Preparing your test database: mind the differences

Instead of running all missing migrations on your test database with rake db:migrate RAILS_ENV=test you can also use a handful of rake tasks to prepare the database structure directly. They can produce different results, though.

In a nutshell, to ensure your test database gains the correct structure:

  • Don't use rake db:test:prepare carelessly
  • or use rake db:test:clone_structure ← preferred :)
  • or use rake db:migrate RAILS_ENV=test and don't mix it with other ways, like some of the rake tasks.

rake db:test:prepare

Be default, this loads you schema.rb into the test database. You may need to run a rake db:schema:dump before to get an updated schema.rb -- else you might load an outdated database structure.

Since the schema.rb does not hold any SQL specific information, like charsets or collations, your test database may differ from your development database in such aspects (because they will be defined by the database defaults when tables are created without further information).

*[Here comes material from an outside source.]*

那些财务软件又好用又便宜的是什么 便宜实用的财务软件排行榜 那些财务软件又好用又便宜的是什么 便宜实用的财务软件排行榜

To avoid this problem, your environment.rb needs to say:

config.active_record.schema_format = :sql

This will make a db/development_structure.sql appear which is then also read and loaded when you do a db:test:prepare.

rake db:test:clone

You don't need to dump your database schema explicitly when calling this rake task (it generates the schema.rb for you) -- but you may run into problems. The task's description reads:

rake db:test:clone # Recreate the test database from the current environment's database schema

This is exactly what happens. Even if your environment.rb defines a different schema_format (like above) it will not be used but instead the test database's structure is read from the schema.rb file.

Using rake db:test:clone will then again result in a different structure if you have any tables or columns whose charset or collation differ from the database default.

rake db:test:clone_structure

Using this command will save you the above hassle. Though it is pretty cumbersome to type, it's doing what you want:

rake db:test:clone_structure # Recreate the test databases from the development structure

That will make your test database have the same structure, including charsets and collations, like your development database.